Performance and metrics enhancements for Amazon Transit Gateway and Amazon Web Services Cloud WAN

Authors: Tushar Jagdale, Andrew Troup |

In late 2024 we launched several enhancements to Amazon Transit Gateway and Amazon Web Services Cloud WAN services:

  1. Path MTU Discovery (PMTUD) support for Transit Gateway and Amazon Web Services Cloud WAN
  2. Appliance Mode Routing Enhancement for improved Availability Zone (AZ) awareness
  3. Per-AZ Amazon CloudWatch Metrics
  4. Amazon Web Services Cloud WAN: Service Insertion Operational Enhancement

In this post, we explain how these feature enhancements work, what benefits they bring to your overall Amazon Web Services networking infrastructure, and important considerations for using these features.

1. Transit Gateway and Amazon Web Services Cloud WAN PMTUD support

In November 2024, Amazon Web Services announced PMTUD support for both Transit Gateway and Amazon Web Services Cloud WAN. With this enhancement, Transit Gateway and Amazon Web Services Cloud WAN now support PMTUD for both IPv4 and IPv6 protocols.

How does PMTUD work with Transit Gateway and Amazon Web Services Cloud WAN core network edge (CNE)?

PMTUD is used to determine the path MTU between two devices. The path MTU is the maximum packet size supported on the path between the originating host and the receiving host. When there is a difference in MTU sizes in the network between two hosts, PMTUD enables the network device (Transit Gateway/CNE) in the path to respond to the originating host with an Internet Control Message Protocol (ICMP) message. This ICMP message instructs the originating host to use the lowest MTU size along the network path and resend the request. Without this negotiation, packet drops can occur when requests are too large for the receiving host to accept, as shown in the following figure.

Figure 1: PMTUD packet flowFigure 1: PMTUD packet flow

Previously, jumbo frames (9001 MTU) packets that exceeded the Transit Gateway/CNE MTU (8500 bytes) were silently dropped on VPC attachments. With this update, when these packets are detected, either an ICMP Fragmentation Needed message for ICMPv4 (Type 3, Code 4), or a Packet Too Big (PTB) message for ICMPv6 (Type 2) message, is sent back to the sender hosts. This notification instructs the transmitting host to adjust the packet MTU size, thereby eliminating packet loss caused by MTU mismatches in the network.

Use cases

  • The default Amazon Linux Amazon Machine Image (AMI) uses an MTU of 9001 (jumbo frames).
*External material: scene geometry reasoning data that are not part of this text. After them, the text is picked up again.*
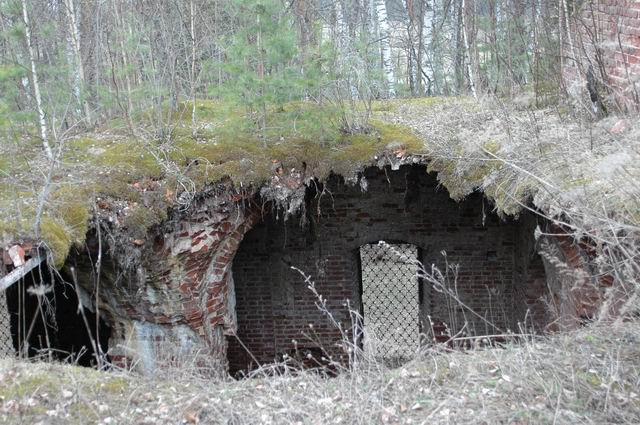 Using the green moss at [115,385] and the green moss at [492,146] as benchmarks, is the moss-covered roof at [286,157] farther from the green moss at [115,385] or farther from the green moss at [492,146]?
the green moss at [115,385]

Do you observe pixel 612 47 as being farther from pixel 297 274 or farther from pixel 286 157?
pixel 297 274

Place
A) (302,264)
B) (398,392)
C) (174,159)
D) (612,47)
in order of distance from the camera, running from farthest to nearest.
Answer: (302,264)
(174,159)
(612,47)
(398,392)

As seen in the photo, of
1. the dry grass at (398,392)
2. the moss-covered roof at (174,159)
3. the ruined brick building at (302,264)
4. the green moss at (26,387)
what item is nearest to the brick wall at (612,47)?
the ruined brick building at (302,264)

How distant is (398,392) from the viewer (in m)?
3.99

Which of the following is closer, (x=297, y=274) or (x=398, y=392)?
(x=398, y=392)

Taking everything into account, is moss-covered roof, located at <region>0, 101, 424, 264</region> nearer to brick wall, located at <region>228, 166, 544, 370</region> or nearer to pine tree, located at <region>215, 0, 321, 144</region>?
pine tree, located at <region>215, 0, 321, 144</region>

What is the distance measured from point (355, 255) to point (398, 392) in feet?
19.3

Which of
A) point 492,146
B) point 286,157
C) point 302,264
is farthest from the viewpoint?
point 302,264

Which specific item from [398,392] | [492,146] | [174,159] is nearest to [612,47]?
[492,146]

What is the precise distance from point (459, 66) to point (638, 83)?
6405mm

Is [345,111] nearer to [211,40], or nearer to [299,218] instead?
[299,218]

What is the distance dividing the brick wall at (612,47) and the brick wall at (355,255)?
8.54 feet

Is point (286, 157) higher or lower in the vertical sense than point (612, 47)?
lower

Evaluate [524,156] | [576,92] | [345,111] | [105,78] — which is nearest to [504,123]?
[576,92] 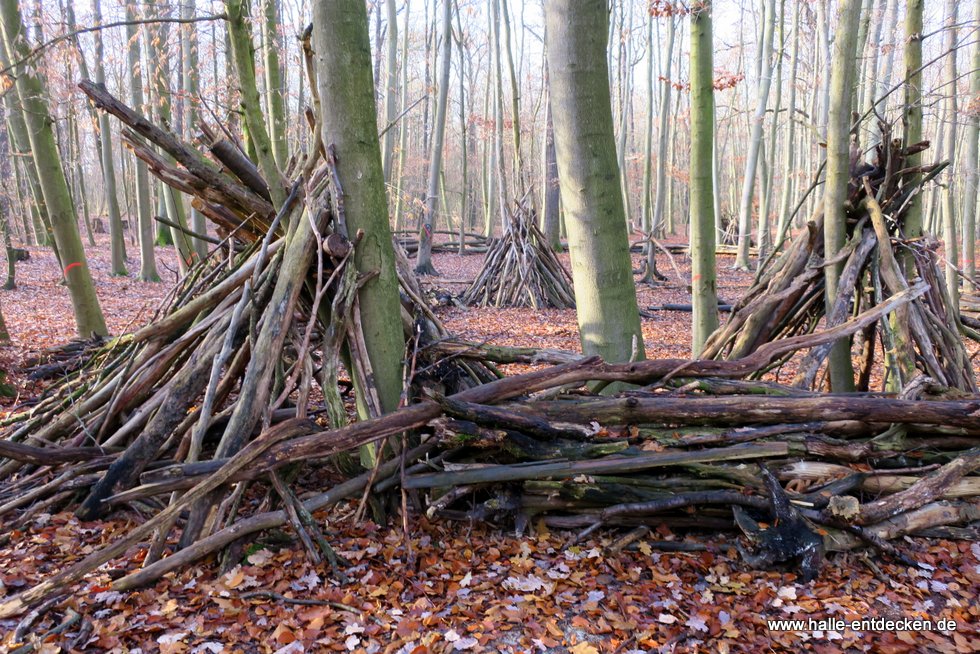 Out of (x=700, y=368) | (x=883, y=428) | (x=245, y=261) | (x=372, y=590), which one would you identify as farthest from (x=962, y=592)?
(x=245, y=261)

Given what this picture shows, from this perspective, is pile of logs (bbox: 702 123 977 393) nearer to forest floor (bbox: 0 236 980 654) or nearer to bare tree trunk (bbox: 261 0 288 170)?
forest floor (bbox: 0 236 980 654)

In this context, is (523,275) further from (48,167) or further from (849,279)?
(849,279)

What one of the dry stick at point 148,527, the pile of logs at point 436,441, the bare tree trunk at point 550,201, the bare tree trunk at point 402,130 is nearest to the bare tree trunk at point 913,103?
the pile of logs at point 436,441

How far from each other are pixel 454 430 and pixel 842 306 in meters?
2.62

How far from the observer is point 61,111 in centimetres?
2219

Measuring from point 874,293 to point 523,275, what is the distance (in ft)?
22.1

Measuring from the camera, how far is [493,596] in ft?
8.52

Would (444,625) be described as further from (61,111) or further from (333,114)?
(61,111)

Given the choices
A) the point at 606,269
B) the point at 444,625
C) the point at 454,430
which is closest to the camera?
the point at 444,625

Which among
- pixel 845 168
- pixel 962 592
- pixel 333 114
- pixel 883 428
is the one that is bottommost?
pixel 962 592

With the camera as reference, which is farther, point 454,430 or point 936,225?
point 936,225

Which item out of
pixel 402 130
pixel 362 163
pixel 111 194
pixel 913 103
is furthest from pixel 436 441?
pixel 402 130

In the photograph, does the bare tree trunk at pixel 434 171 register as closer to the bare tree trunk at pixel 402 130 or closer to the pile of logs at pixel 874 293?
the bare tree trunk at pixel 402 130

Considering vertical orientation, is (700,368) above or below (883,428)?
above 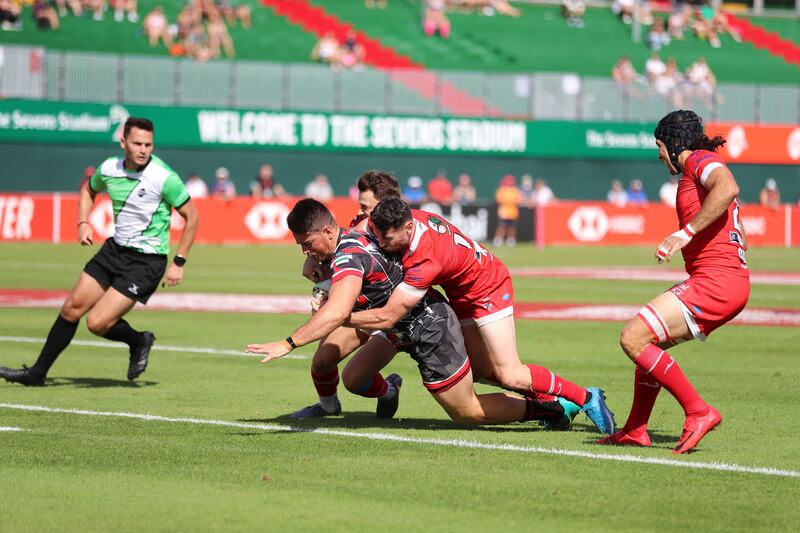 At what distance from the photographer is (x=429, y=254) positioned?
8.11m

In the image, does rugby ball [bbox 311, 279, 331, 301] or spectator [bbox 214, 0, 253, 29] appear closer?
rugby ball [bbox 311, 279, 331, 301]

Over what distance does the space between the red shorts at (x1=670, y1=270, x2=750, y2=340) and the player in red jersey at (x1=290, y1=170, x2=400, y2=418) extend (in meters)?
2.15

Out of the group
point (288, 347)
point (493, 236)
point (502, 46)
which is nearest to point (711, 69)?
point (502, 46)

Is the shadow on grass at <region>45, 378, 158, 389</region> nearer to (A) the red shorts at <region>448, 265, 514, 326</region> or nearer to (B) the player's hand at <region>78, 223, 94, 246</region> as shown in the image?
(B) the player's hand at <region>78, 223, 94, 246</region>

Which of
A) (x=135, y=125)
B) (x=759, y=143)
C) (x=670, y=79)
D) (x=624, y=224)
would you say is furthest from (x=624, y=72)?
(x=135, y=125)

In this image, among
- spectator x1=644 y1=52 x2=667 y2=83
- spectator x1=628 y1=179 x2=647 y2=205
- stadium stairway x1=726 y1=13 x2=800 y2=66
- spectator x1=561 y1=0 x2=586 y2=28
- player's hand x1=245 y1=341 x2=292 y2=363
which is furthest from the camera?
stadium stairway x1=726 y1=13 x2=800 y2=66

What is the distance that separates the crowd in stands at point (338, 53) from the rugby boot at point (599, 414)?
3473 centimetres

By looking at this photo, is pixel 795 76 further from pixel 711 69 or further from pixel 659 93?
pixel 659 93

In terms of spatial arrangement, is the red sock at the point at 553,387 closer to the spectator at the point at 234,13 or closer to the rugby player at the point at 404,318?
the rugby player at the point at 404,318

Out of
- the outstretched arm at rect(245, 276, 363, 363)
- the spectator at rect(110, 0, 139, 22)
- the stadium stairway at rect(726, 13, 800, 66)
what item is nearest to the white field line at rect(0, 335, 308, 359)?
the outstretched arm at rect(245, 276, 363, 363)

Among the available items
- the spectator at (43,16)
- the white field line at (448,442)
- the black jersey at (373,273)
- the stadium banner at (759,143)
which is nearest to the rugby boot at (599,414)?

This feature allows users to continue using jumbo frames MTU (9001) on Amazon Elastic Compute Cloud (Amazon EC2) instances while sending traffic through Transit Gateway/Amazon Web Services Cloud WAN, without having to manually configure Linux/Windows instances to use an MTU lower than the Transit Gateway/CNE supported value of 8500.
  • Jumbo frames are supported for VPC peering connections within the same Amazon Web Services Region. Previously when users migrated from VPC peering to Transit Gateway, traffic would be silently dropped, necessitating that users manually configure the MTU to less than 8500 on potentially hundreds or thousands of EC2 instances across VPCs before migration. This manual configuration is no longer needed.

Considerations

  • Transit Gateway/Amazon Web Services Cloud WAN PMTUD functionality is enabled by default. Users don’t need to make any configuration changes.
  • Make sure that security groups and network access lists (NACLs) allow the necessary ICMP rules.
  • At the time of writing, Transit Gateway and Amazon Web Services Cloud WAN don’t support PMTUD on Amazon Web Services Site-to-Site VPN, Amazon Direct Connect, or Transit Gateway/Amazon Web Services Cloud WAN inter- and intra-Region peering attachments.
  • If you want to use jumbo frames and have an inspection VPC with third-party virtual appliances in the traffic path connected through Transit Gateway, then make sure to check and enable jumbo frames on those Network Virtual Appliances (NVAs).
  • For more information, go to Transit Gateway MTU considerations and MTU settings for your EC2 instances.

2. Amazon Web Services enhances Transit Gateway and Amazon Web Services Cloud WAN Appliance Mode routing for improved AZ awareness

The second enhancement we launched improves packet routing behavior for Transit Gateway and Amazon Web Services Cloud WAN CNE attachments with Appliance Mode enabled. This update improves AZ awareness in the routing process and has been deployed across all Amazon Web Services Regions where Transit Gateway and Amazon Web Services Cloud WAN were available as of November 30, 2024.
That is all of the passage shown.